Gates validate data before and after an AI agent runs. Pre-gates filter input so the agent never sees invalid data. Post-gates validate output to catch dangerous changes before they reach the forge.

All functions are stateless and tracker-agnostic -- they operate on dicts and file lists, not Jira-specific types.

The GATE_REGISTRY maps CLI-friendly names to GateSpec instances. Use resolve_gates() to look up gates by name and validate_gate_env() to check required environment variables before running any gate.

`GateSpec(name, fn, phase, required_env=list())` `dataclass` ¶

Metadata for a registered gate function.

`resolve_gates(names)` ¶

Look up gate specs by CLI name. Raises SystemExit on unknown names.

Source code in src/agentic_ci/gates.py

def resolve_gates(names: list[str]) -> list[GateSpec]:
    """Look up gate specs by CLI name. Raises SystemExit on unknown names."""
    specs = []
    unknown = []
    for name in names:
        spec = GATE_REGISTRY.get(name)
        if spec is None:
            unknown.append(name)
        else:
            specs.append(spec)
    if unknown:
        available = ", ".join(sorted(GATE_REGISTRY))
        sys.exit(f"Error: unknown gate(s): {', '.join(unknown)}\nAvailable: {available}")
    return specs

`validate_gate_env(gates)` ¶

Check that all required env vars for the given gates are set.
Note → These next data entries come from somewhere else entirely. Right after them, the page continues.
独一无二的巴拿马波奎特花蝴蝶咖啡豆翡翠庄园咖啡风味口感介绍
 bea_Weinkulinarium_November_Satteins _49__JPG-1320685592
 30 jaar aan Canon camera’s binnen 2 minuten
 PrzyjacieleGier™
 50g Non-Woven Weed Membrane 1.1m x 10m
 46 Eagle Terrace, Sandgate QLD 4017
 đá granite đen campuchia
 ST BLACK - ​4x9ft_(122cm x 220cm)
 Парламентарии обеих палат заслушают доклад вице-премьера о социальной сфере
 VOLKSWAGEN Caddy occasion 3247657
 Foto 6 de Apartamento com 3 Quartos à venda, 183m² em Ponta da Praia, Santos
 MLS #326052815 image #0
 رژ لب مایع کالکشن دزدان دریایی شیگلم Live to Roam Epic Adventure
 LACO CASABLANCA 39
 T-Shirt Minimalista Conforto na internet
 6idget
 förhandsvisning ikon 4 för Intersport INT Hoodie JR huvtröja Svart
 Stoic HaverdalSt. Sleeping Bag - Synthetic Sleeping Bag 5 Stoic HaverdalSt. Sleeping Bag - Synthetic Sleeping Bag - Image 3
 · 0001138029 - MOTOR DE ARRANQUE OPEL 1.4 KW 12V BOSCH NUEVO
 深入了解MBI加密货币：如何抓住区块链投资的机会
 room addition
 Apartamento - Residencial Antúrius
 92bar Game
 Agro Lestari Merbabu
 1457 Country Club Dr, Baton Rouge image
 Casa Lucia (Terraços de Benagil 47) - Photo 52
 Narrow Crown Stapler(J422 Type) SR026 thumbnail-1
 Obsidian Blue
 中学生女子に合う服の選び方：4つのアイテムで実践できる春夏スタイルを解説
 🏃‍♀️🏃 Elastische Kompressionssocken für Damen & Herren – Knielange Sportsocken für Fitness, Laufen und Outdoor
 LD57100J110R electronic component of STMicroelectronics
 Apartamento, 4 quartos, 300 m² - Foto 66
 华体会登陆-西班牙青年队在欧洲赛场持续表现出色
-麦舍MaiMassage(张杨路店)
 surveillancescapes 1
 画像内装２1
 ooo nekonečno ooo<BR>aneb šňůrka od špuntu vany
Fails with a clear error listing every missing variable and which gate needs it.

Source code in src/agentic_ci/gates.py

def validate_gate_env(gates: list[GateSpec]) -> None:
    """Check that all required env vars for the given gates are set.

    Fails with a clear error listing every missing variable and
    which gate needs it.
    """
    missing: dict[str, list[str]] = {}
    for gate in gates:
        for var in gate.required_env:
            if not os.environ.get(var):
                missing.setdefault(var, []).append(gate.name)
    if missing:
        lines = [f"  {var} (needed by: {', '.join(names)})" for var, names in missing.items()]
        sys.exit("Error: missing environment variables for gates:\n" + "\n".join(lines))

`check_sensitive_files(changed_files, blocklist=None)` ¶

Check if any changed files match a sensitive-file blocklist.

Returns a list of blocked file paths (empty means all clear).

Source code in src/agentic_ci/gates.py

def check_sensitive_files(
    changed_files: list[str],
    blocklist: list[str] | None = None,
) -> list[str]:
    """Check if any changed files match a sensitive-file blocklist.

    Returns a list of blocked file paths (empty means all clear).
    """
    if blocklist is None:
        blocklist = DEFAULT_SENSITIVE_BLOCKLIST
    blocked = []
    for filepath in changed_files:
        name = Path(filepath).name
        for pattern in blocklist:
            if fnmatch.fnmatch(name, pattern) or fnmatch.fnmatch(filepath, pattern):
                blocked.append(filepath)
                break
    return blocked

`check_commit_identity(commit_info, expected_email)` ¶

Verify the commit committer matches the expected bot email.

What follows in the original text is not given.